● Work item: Return all of the entries word for word, but omit the pictures they contain.

Short text fragments from websites
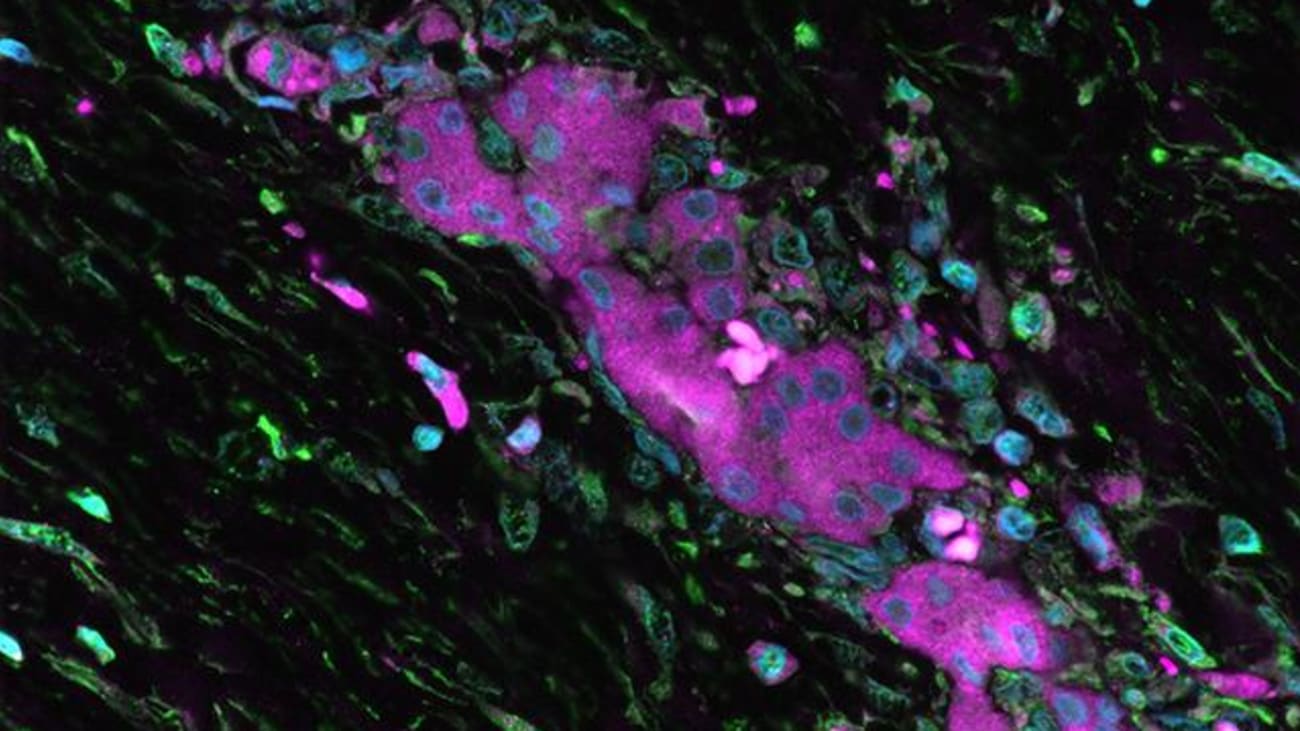 Diseased liver sample from a fibrolamellar carcinoma patient shows tumor cells (pink) in the center surrounded by the fibrotic tissue (streaked with green) characteristic of FLC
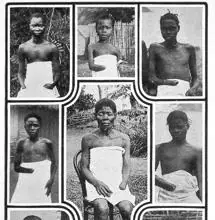Capitalismo, colonialismo y genocidio. Un caso en Africa colonial: los herero y namaqua. [HistoriaC] Brazos-mutilados-belgica-kMb--220x220@abc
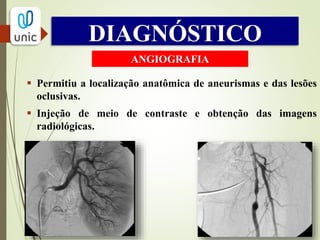 INTERVENÇÕES
TERAPÊUTICAS
 Hipolipemiantes
 Antiagregantes plaquetários
 Trombolíticos
 Revascularização com enxertos
homólogos ou sintéticos
 Endarterectomia
 Angioplastia por balão ou por stent
 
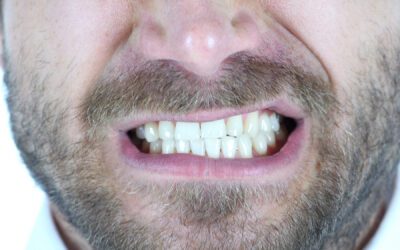Ask a Dentist in Homewood, IL: Is Teeth Grinding Damaging My Smile?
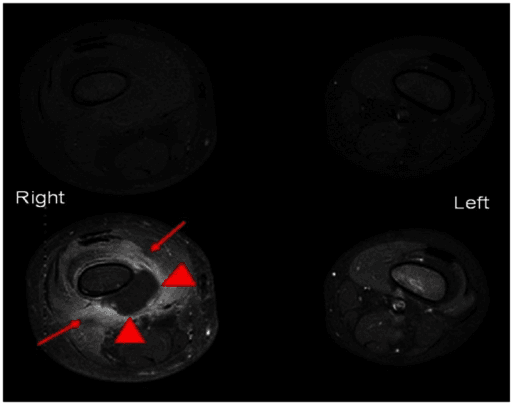 MRI of paediatric osteomyelitis showing distal femur marrow oedema and abscess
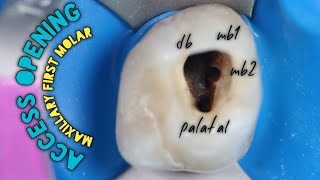 Access Opening of Maxillary First Molar  how to easily locate Mesiobuccal Canals mb1 amp mb2 [upl. by Lumbye]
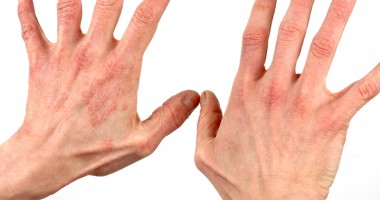 Psoriazisul amenință județul Constanța - 2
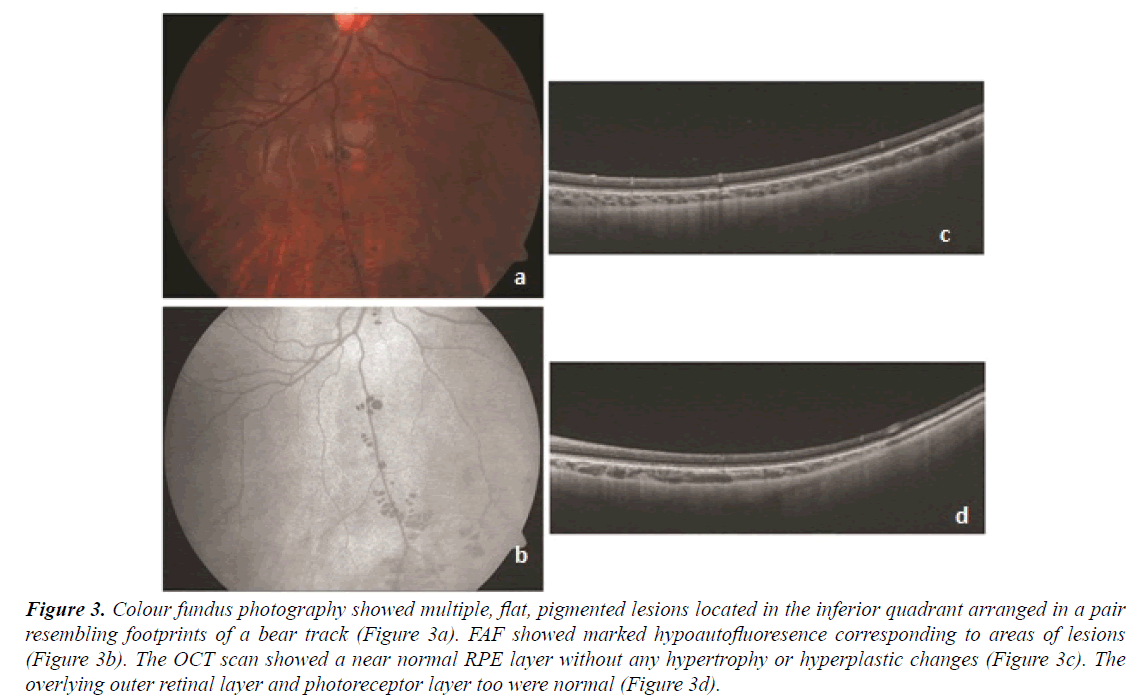 ophthalmic-eye-research-pigmented-lesions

● Exercise output:
 Diseased liver sample from a fibrolamellar carcinoma patient shows tumor cells (pink) in the center surrounded by the fibrotic tissue (streaked with green) characteristic of FLC
Capitalismo, colonialismo y genocidio. Un caso en Africa colonial: los herero y namaqua. [HistoriaC] Brazos-mutilados-belgica-kMb--220x220@abc
 INTERVENÇÕES
TERAPÊUTICAS
 Hipolipemiantes
 Antiagregantes plaquetários
 Trombolíticos
 Revascularização com enxertos
homólogos ou sintéticos
 Endarterectomia
 Angioplastia por balão ou por stent
 
Ask a Dentist in Homewood, IL: Is Teeth Grinding Damaging My Smile?
 MRI of paediatric osteomyelitis showing distal femur marrow oedema and abscess
 Access Opening of Maxillary First Molar  how to easily locate Mesiobuccal Canals mb1 amp mb2 [upl. by Lumbye]
 Psoriazisul amenință județul Constanța - 2
 ophthalmic-eye-research-pigmented-lesions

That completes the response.